● EXERCISE OBJECTIVE
Using the records below, transcribe word for word the stretch from the line that contains "NATR20 NATR25 NATR30" through the line that contains "VHBW Senior mobile", both end lines included, and nothing else.

● EXTRACTED RECORDS
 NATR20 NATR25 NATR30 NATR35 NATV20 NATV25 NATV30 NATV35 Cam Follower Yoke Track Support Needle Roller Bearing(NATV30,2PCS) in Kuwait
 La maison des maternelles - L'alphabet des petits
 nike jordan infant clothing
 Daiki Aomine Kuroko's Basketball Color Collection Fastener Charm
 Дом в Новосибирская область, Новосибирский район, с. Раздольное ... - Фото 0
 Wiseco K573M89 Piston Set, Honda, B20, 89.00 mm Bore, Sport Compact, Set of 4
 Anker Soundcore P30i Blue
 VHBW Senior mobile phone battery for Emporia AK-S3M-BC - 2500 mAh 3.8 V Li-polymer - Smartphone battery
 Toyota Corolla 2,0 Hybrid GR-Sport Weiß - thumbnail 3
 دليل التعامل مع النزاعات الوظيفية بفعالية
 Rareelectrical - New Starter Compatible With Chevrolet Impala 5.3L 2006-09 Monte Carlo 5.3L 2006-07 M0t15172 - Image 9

==

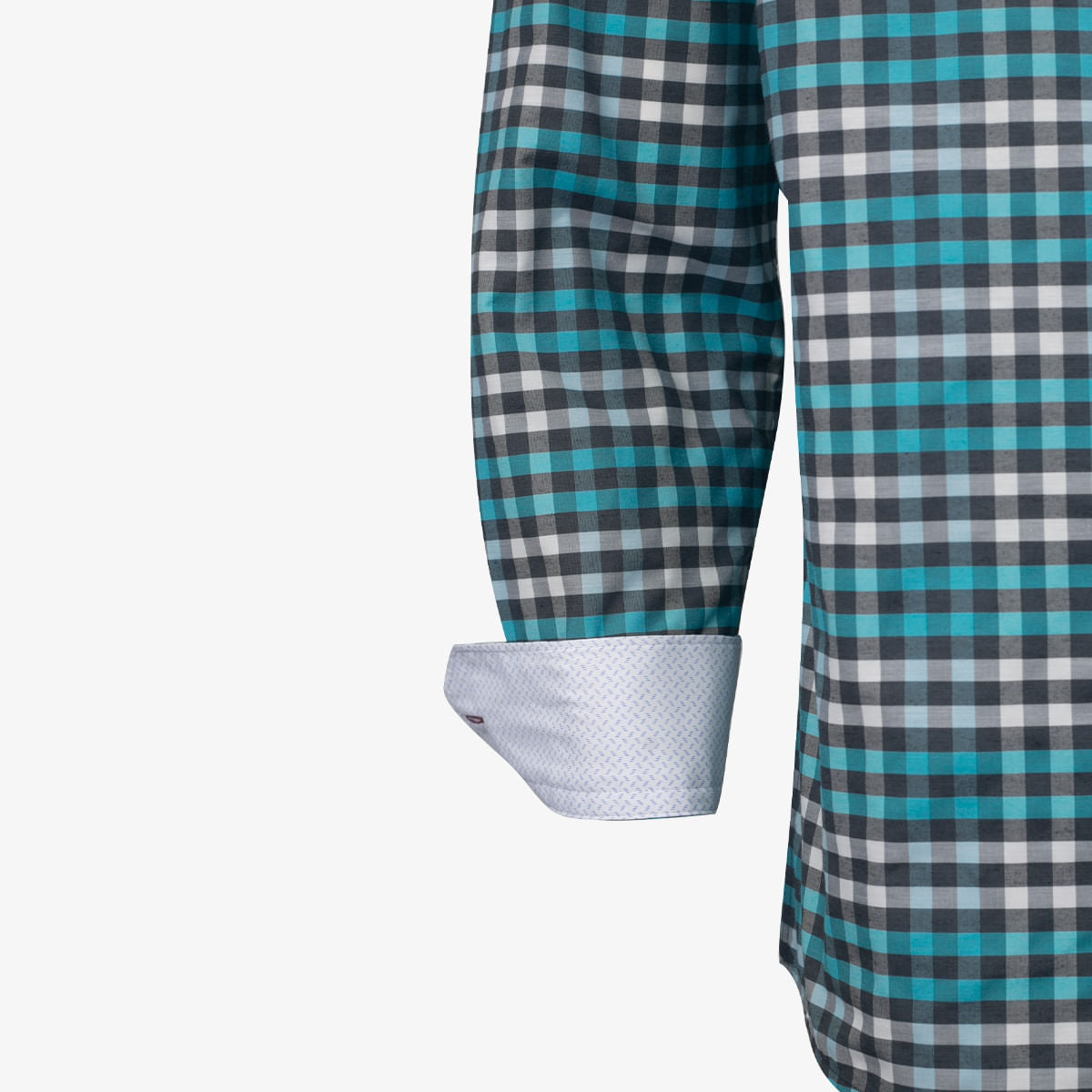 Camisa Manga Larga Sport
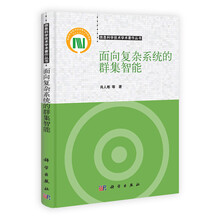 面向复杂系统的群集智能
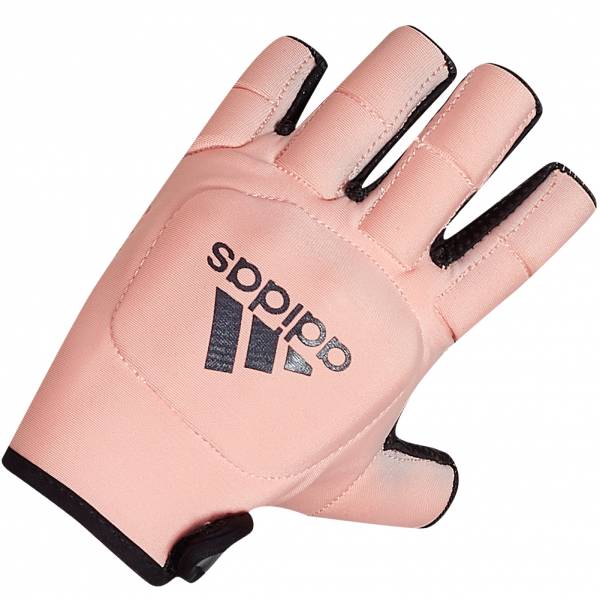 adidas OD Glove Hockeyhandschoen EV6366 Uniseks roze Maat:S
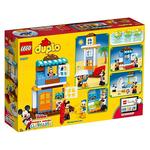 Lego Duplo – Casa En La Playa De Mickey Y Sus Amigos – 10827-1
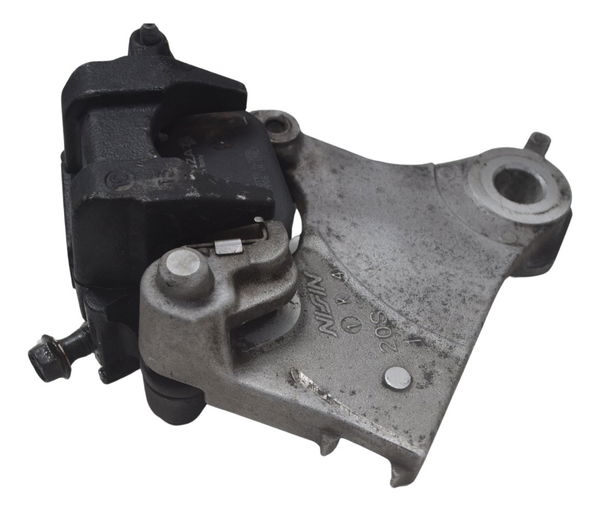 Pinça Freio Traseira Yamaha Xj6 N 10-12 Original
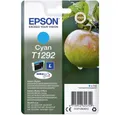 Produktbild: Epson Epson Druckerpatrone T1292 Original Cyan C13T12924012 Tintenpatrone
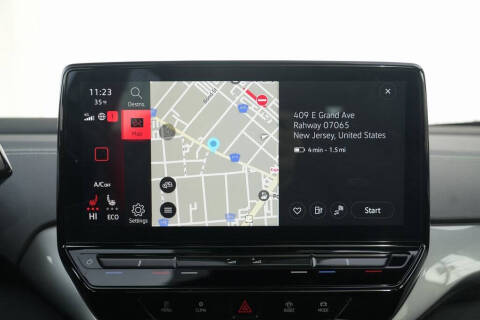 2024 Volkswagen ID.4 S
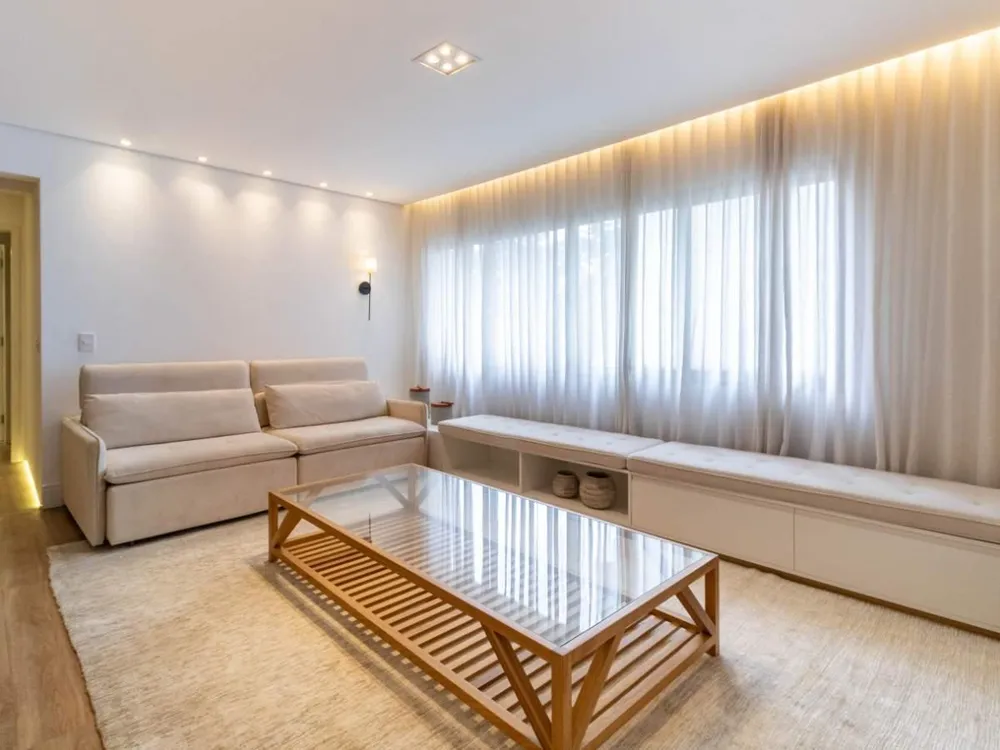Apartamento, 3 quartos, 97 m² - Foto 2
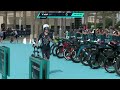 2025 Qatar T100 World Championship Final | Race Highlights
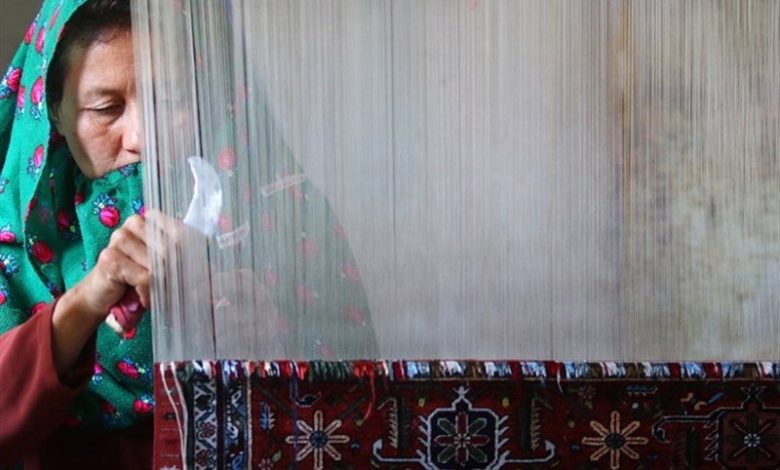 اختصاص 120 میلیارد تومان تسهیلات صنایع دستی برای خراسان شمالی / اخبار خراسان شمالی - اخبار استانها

==

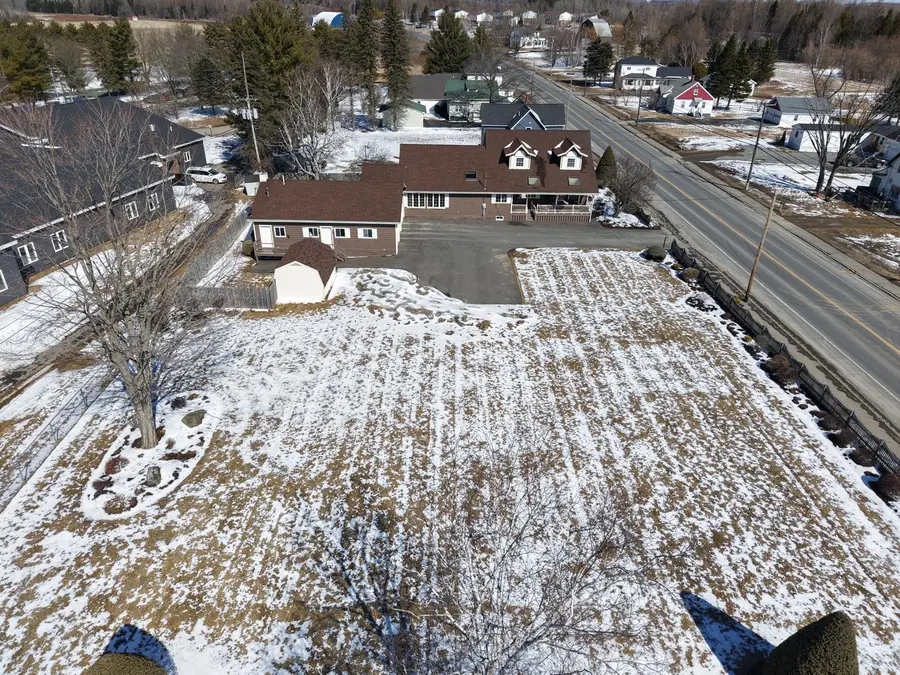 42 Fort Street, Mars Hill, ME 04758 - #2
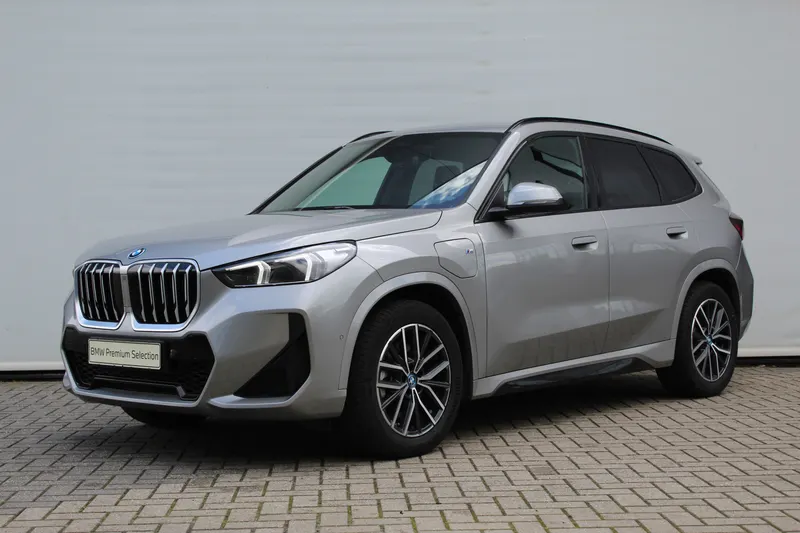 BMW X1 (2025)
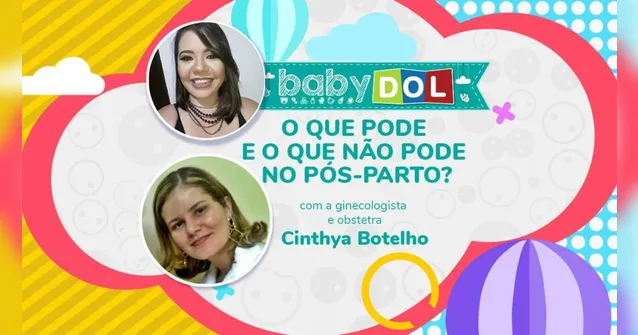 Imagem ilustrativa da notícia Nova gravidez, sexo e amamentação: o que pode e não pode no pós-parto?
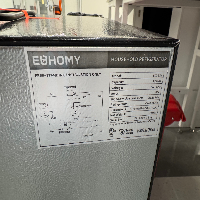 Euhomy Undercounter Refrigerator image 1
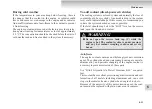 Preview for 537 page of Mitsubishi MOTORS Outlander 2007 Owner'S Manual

● ANSWER SECTION
 NATR20 NATR25 NATR30 NATR35 NATV20 NATV25 NATV30 NATV35 Cam Follower Yoke Track Support Needle Roller Bearing(NATV30,2PCS) in Kuwait
 La maison des maternelles - L'alphabet des petits
 nike jordan infant clothing
 Daiki Aomine Kuroko's Basketball Color Collection Fastener Charm
 Дом в Новосибирская область, Новосибирский район, с. Раздольное ... - Фото 0
 Wiseco K573M89 Piston Set, Honda, B20, 89.00 mm Bore, Sport Compact, Set of 4
 Anker Soundcore P30i Blue
 VHBW Senior mobile phone battery for Emporia AK-S3M-BC - 2500 mAh 3.8 V Li-polymer - Smartphone battery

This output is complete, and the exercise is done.